### Instructions for the task
Output the full listing verbatim.

━━━ Data records

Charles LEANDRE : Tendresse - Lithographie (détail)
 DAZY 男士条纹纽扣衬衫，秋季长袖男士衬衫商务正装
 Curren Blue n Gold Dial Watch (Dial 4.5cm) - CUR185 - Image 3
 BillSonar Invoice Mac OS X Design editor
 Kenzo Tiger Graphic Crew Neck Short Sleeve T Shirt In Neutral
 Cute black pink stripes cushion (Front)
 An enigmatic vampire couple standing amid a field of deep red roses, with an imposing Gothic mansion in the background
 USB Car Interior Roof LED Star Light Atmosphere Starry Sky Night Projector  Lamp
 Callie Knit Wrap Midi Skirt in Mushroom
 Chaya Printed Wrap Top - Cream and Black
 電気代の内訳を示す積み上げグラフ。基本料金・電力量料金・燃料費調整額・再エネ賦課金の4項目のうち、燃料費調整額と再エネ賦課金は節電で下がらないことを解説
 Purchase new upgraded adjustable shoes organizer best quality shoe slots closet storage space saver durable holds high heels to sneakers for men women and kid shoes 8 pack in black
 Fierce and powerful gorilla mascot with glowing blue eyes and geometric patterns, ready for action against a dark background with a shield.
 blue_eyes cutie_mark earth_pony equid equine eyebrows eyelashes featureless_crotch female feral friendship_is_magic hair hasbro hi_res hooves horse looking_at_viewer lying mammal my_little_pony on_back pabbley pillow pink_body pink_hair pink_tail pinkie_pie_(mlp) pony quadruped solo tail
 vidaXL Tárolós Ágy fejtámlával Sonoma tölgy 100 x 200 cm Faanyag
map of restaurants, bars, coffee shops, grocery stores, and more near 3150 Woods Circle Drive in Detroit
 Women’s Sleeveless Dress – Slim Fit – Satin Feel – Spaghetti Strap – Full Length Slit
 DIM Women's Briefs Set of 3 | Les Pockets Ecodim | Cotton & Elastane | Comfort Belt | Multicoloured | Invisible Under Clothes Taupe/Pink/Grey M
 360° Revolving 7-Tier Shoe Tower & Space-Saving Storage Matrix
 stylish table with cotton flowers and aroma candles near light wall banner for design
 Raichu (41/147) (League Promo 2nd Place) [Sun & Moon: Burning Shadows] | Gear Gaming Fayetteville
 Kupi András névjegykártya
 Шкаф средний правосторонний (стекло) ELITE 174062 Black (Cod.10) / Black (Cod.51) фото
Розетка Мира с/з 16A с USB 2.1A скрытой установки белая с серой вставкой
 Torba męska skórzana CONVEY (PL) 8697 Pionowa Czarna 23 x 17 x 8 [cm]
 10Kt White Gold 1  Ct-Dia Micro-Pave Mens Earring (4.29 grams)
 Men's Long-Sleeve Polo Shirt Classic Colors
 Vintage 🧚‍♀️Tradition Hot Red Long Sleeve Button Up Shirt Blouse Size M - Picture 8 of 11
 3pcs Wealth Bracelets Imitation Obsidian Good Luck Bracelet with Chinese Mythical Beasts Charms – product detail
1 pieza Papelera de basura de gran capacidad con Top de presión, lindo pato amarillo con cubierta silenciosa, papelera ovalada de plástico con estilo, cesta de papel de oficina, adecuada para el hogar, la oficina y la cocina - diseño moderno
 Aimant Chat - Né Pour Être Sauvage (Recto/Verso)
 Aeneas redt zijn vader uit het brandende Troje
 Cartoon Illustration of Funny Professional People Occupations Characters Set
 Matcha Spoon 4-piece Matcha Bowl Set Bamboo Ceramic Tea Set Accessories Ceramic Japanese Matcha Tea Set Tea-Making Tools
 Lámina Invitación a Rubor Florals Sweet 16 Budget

━━━━━━

### Result of this exercise
Charles LEANDRE : Tendresse - Lithographie (détail)
 DAZY 男士条纹纽扣衬衫，秋季长袖男士衬衫商务正装
 Curren Blue n Gold Dial Watch (Dial 4.5cm) - CUR185 - Image 3
 BillSonar Invoice Mac OS X Design editor
 Kenzo Tiger Graphic Crew Neck Short Sleeve T Shirt In Neutral
 Cute black pink stripes cushion (Front)
 An enigmatic vampire couple standing amid a field of deep red roses, with an imposing Gothic mansion in the background
 USB Car Interior Roof LED Star Light Atmosphere Starry Sky Night Projector  Lamp
 Callie Knit Wrap Midi Skirt in Mushroom
 Chaya Printed Wrap Top - Cream and Black
 電気代の内訳を示す積み上げグラフ。基本料金・電力量料金・燃料費調整額・再エネ賦課金の4項目のうち、燃料費調整額と再エネ賦課金は節電で下がらないことを解説
 Purchase new upgraded adjustable shoes organizer best quality shoe slots closet storage space saver durable holds high heels to sneakers for men women and kid shoes 8 pack in black
 Fierce and powerful gorilla mascot with glowing blue eyes and geometric patterns, ready for action against a dark background with a shield.
 blue_eyes cutie_mark earth_pony equid equine eyebrows eyelashes featureless_crotch female feral friendship_is_magic hair hasbro hi_res hooves horse looking_at_viewer lying mammal my_little_pony on_back pabbley pillow pink_body pink_hair pink_tail pinkie_pie_(mlp) pony quadruped solo tail
 vidaXL Tárolós Ágy fejtámlával Sonoma tölgy 100 x 200 cm Faanyag
map of restaurants, bars, coffee shops, grocery stores, and more near 3150 Woods Circle Drive in Detroit
 Women’s Sleeveless Dress – Slim Fit – Satin Feel – Spaghetti Strap – Full Length Slit
 DIM Women's Briefs Set of 3 | Les Pockets Ecodim | Cotton & Elastane | Comfort Belt | Multicoloured | Invisible Under Clothes Taupe/Pink/Grey M
 360° Revolving 7-Tier Shoe Tower & Space-Saving Storage Matrix
 stylish table with cotton flowers and aroma candles near light wall banner for design
 Raichu (41/147) (League Promo 2nd Place) [Sun & Moon: Burning Shadows] | Gear Gaming Fayetteville
 Kupi András névjegykártya
 Шкаф средний правосторонний (стекло) ELITE 174062 Black (Cod.10) / Black (Cod.51) фото
Розетка Мира с/з 16A с USB 2.1A скрытой установки белая с серой вставкой
 Torba męska skórzana CONVEY (PL) 8697 Pionowa Czarna 23 x 17 x 8 [cm]
 10Kt White Gold 1  Ct-Dia Micro-Pave Mens Earring (4.29 grams)
 Men's Long-Sleeve Polo Shirt Classic Colors
 Vintage 🧚‍♀️Tradition Hot Red Long Sleeve Button Up Shirt Blouse Size M - Picture 8 of 11
 3pcs Wealth Bracelets Imitation Obsidian Good Luck Bracelet with Chinese Mythical Beasts Charms – product detail
1 pieza Papelera de basura de gran capacidad con Top de presión, lindo pato amarillo con cubierta silenciosa, papelera ovalada de plástico con estilo, cesta de papel de oficina, adecuada para el hogar, la oficina y la cocina - diseño moderno
 Aimant Chat - Né Pour Être Sauvage (Recto/Verso)
 Aeneas redt zijn vader uit het brandende Troje
 Cartoon Illustration of Funny Professional People Occupations Characters Set
 Matcha Spoon 4-piece Matcha Bowl Set Bamboo Ceramic Tea Set Accessories Ceramic Japanese Matcha Tea Set Tea-Making Tools
 Lámina Invitación a Rubor Florals Sweet 16 Budget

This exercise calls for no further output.